Source material.
☆ ☆ ☆ ☆ ☆ ☆ ☆

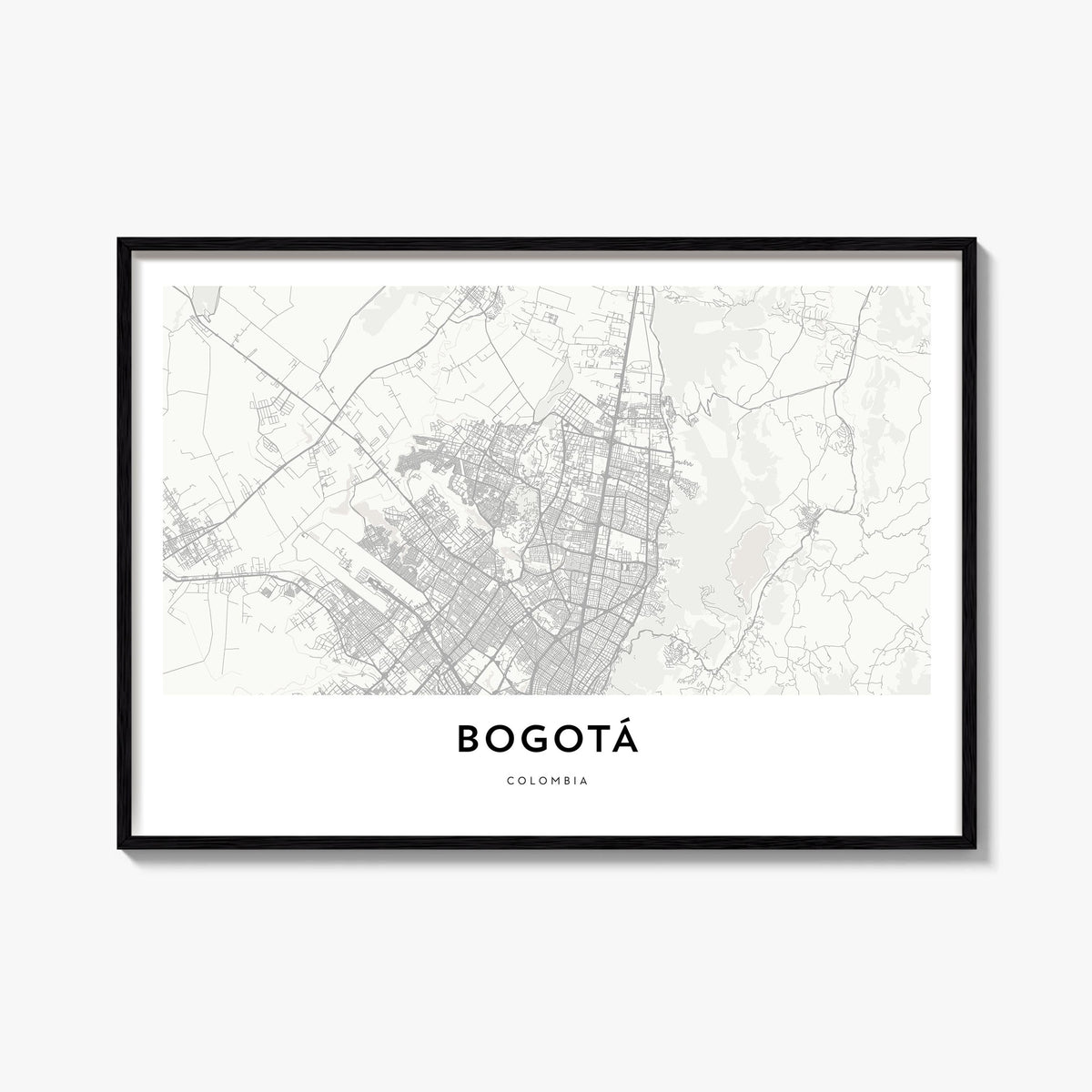 Bogotá black & white map poster of Colombia – horizontal wall art, unframed print shown in interior mockup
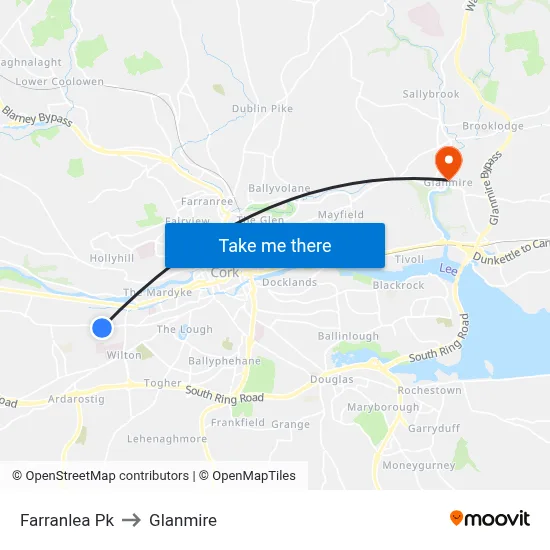 Farranlea Pk to Glanmire map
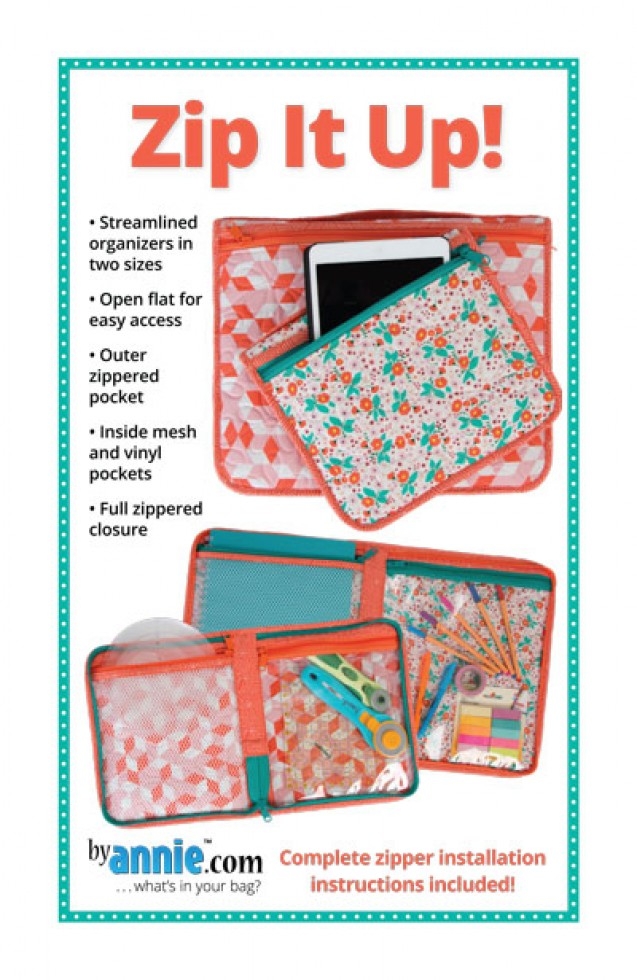 By Annie Paper Sewing Pattern Zip It Up Organiser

☆ ☆ ☆ ☆ ☆ ☆ ☆

What needs to be done. Copy out the material above exactly; the images stay out.

Reply to the task.
 Bogotá black & white map poster of Colombia – horizontal wall art, unframed print shown in interior mockup
 Farranlea Pk to Glanmire map
 By Annie Paper Sewing Pattern Zip It Up Organiser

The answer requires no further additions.